In the entries that follow, repeat exactly the lines from the one that has "每天忍耐的男人第70话" through the one that has "韓国、日本が海底資源採掘しようとするや自分のものにしようとする【ゆっくり解説】", but omit pictures.

=== Extracted entries ===
* * *

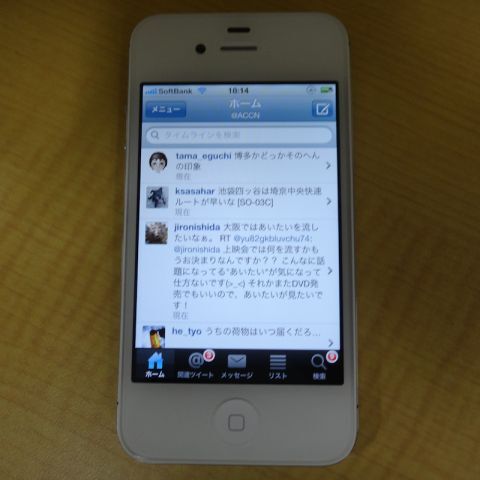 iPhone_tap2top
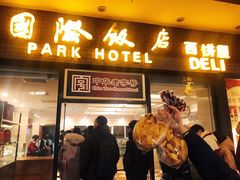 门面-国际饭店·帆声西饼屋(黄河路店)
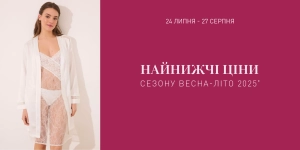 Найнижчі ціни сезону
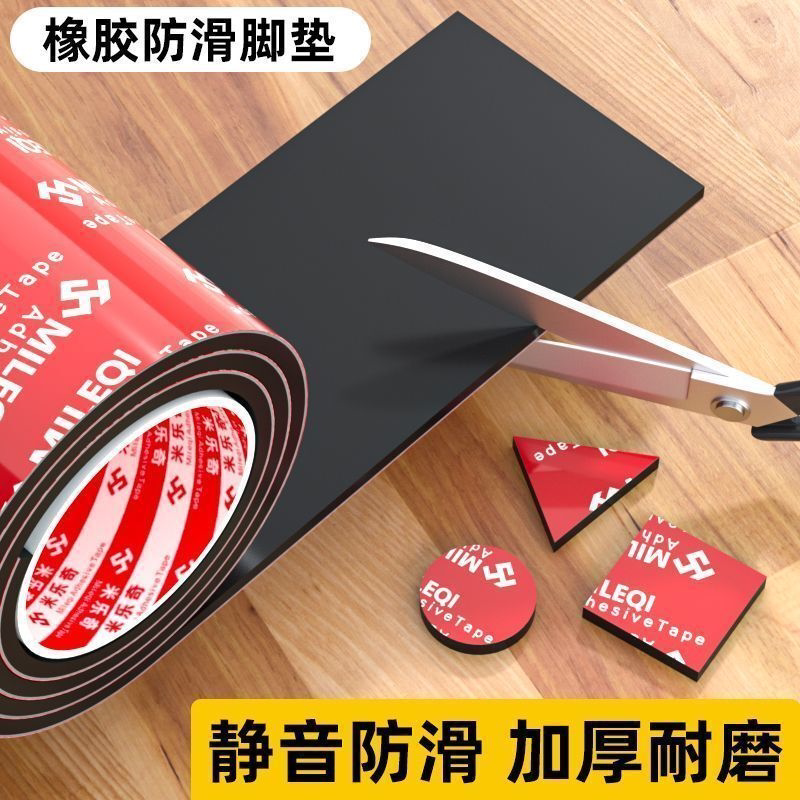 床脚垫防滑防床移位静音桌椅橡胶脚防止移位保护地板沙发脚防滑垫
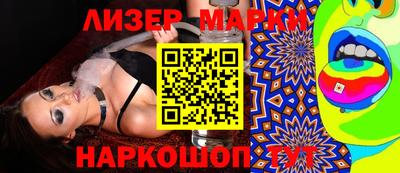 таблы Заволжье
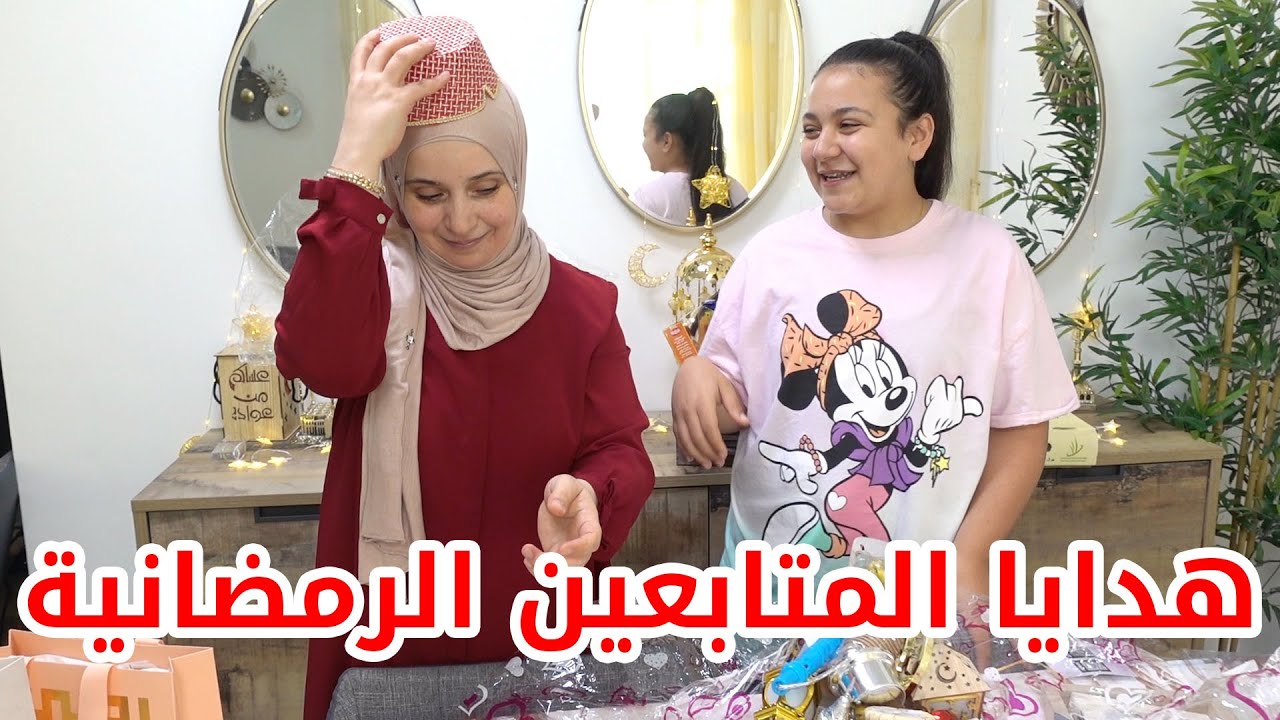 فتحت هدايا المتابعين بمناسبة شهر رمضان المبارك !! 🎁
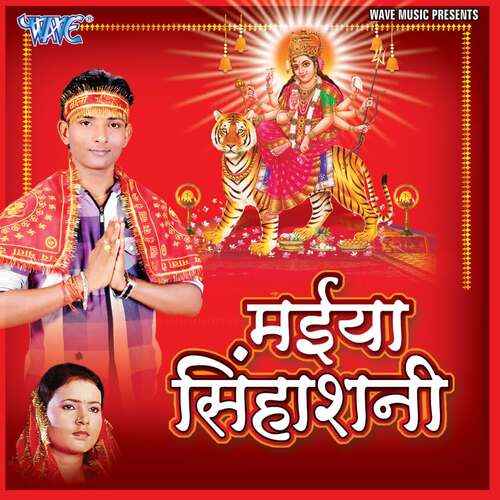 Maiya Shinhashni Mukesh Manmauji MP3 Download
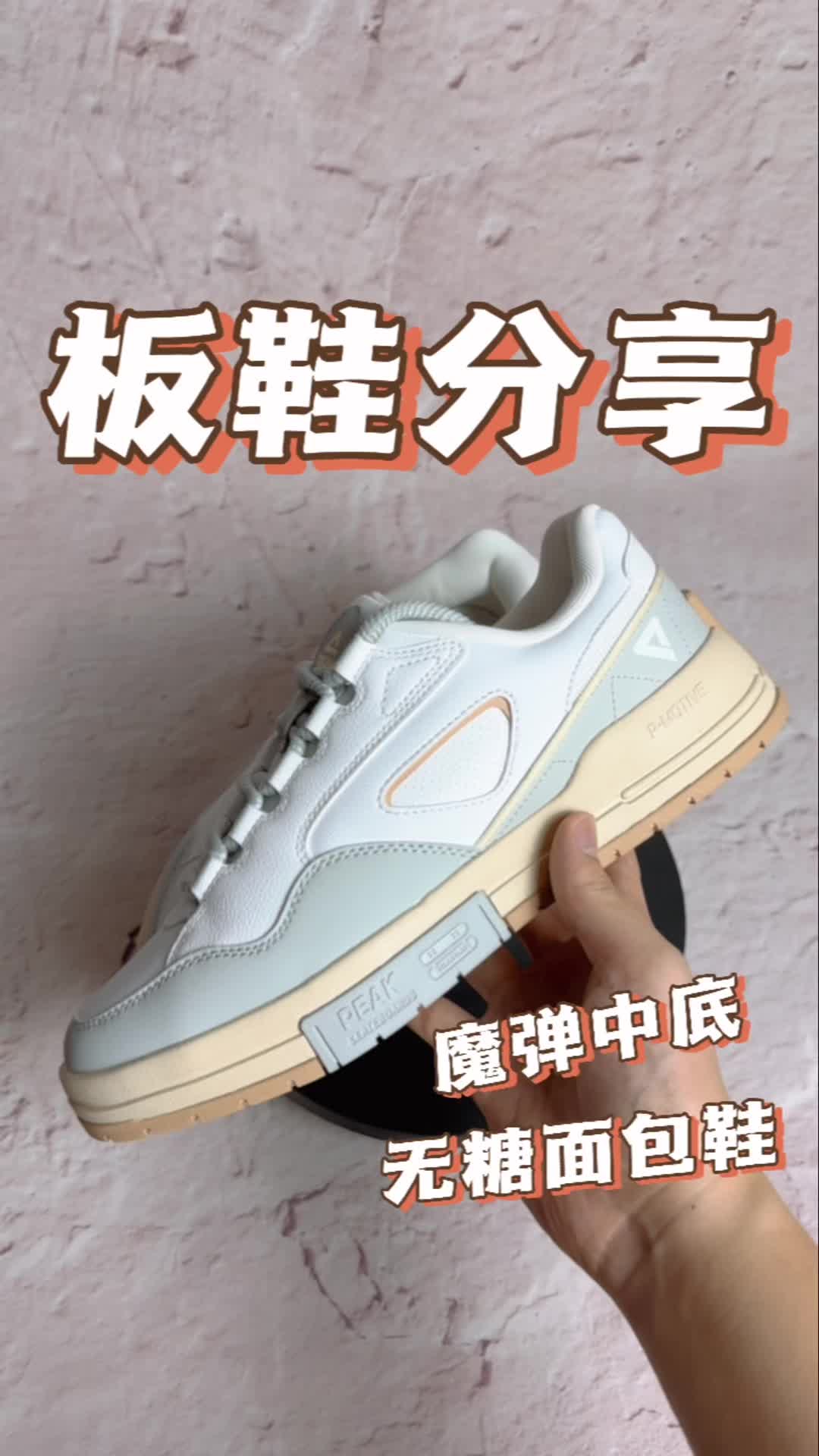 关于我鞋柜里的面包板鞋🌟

* * *

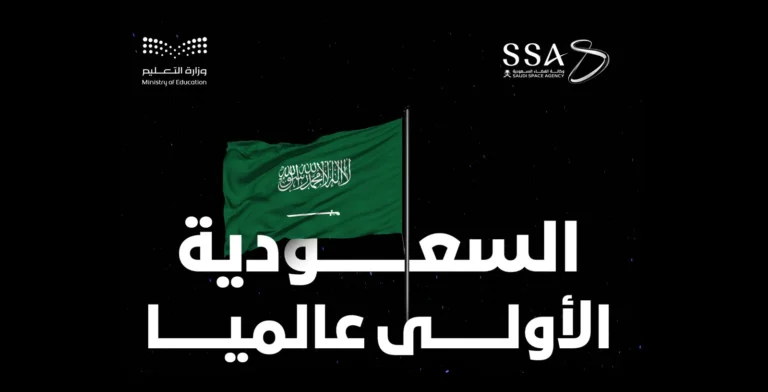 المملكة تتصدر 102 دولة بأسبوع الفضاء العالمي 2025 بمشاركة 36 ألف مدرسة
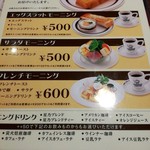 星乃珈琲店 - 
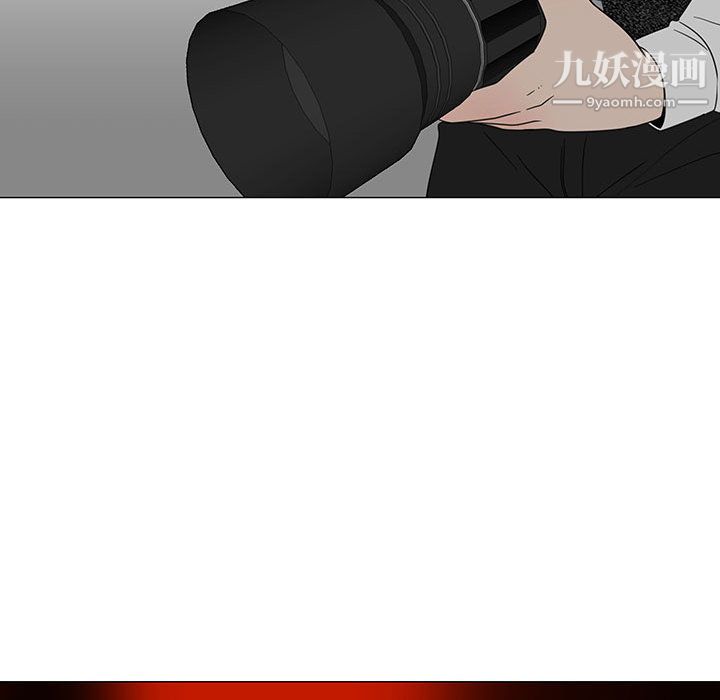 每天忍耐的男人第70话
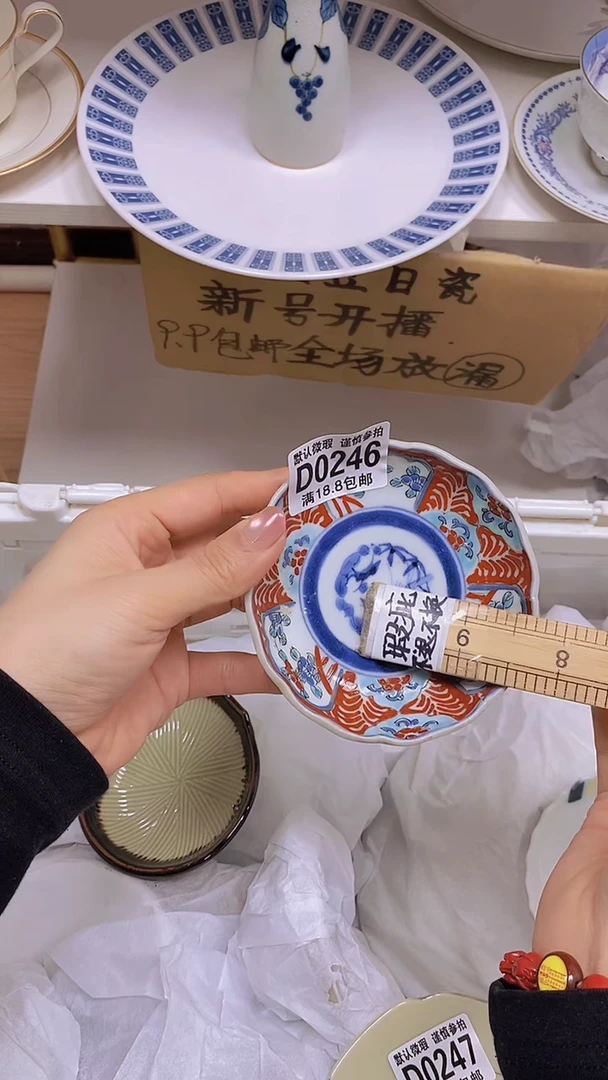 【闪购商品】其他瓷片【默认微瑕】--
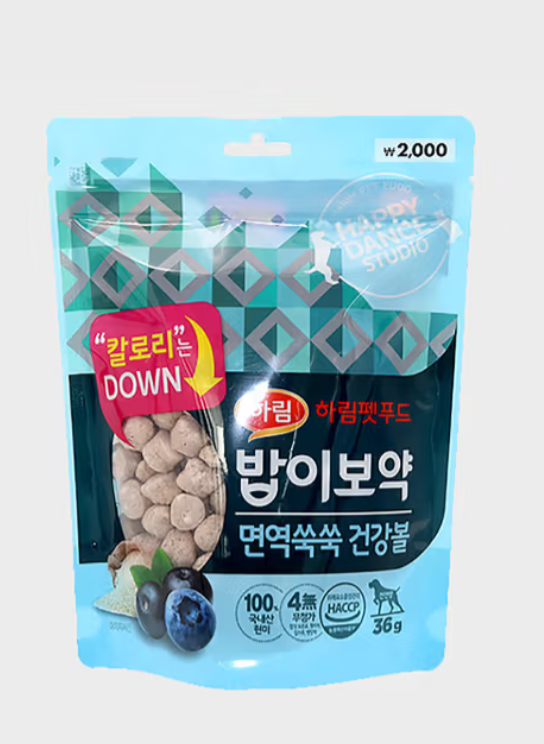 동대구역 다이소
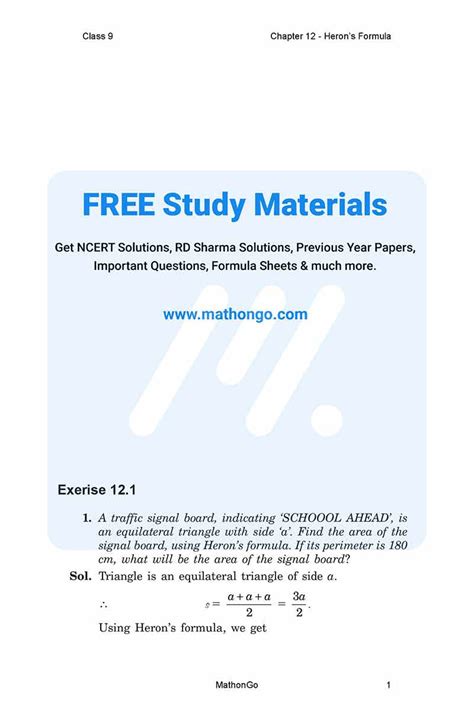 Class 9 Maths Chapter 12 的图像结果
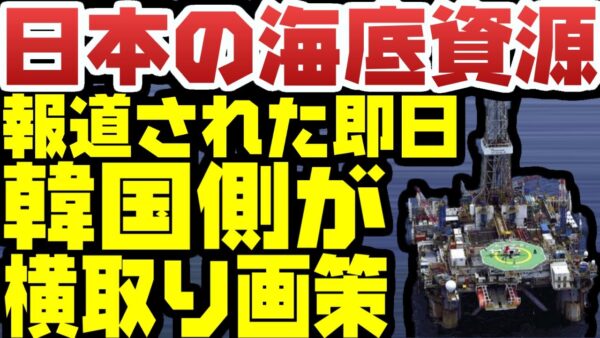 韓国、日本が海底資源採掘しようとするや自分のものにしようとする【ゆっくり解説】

* * *

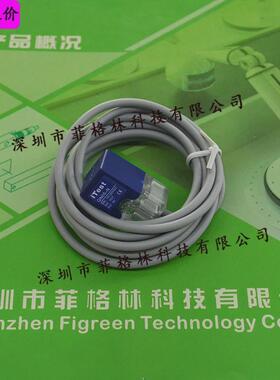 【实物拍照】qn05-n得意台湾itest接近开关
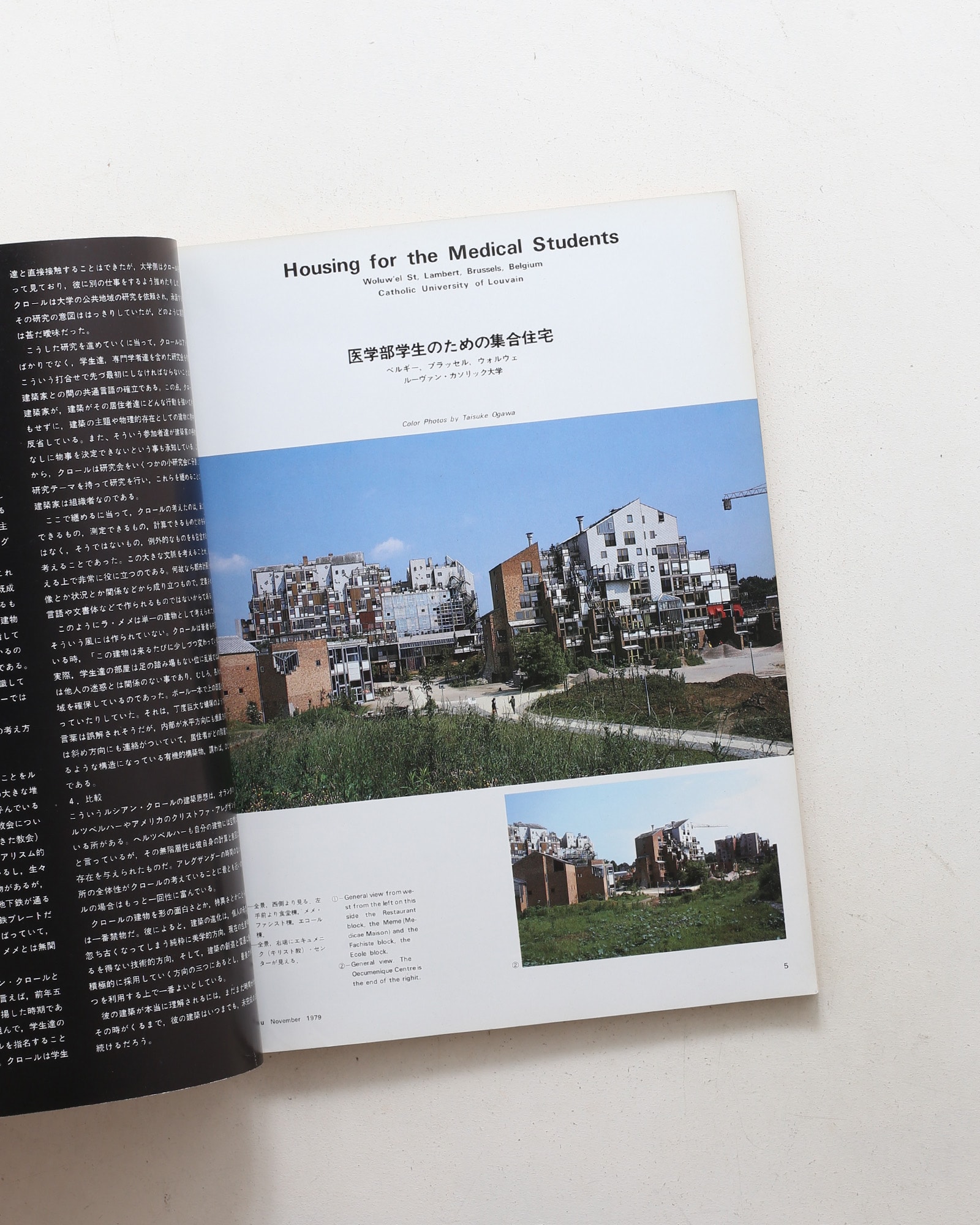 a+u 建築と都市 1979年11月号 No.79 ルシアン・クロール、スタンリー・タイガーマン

* * *

=== Completed task ===
 每天忍耐的男人第70话
 【闪购商品】其他瓷片【默认微瑕】--
 동대구역 다이소
 Class 9 Maths Chapter 12 的图像结果
 韓国、日本が海底資源採掘しようとするや自分のものにしようとする【ゆっくり解説】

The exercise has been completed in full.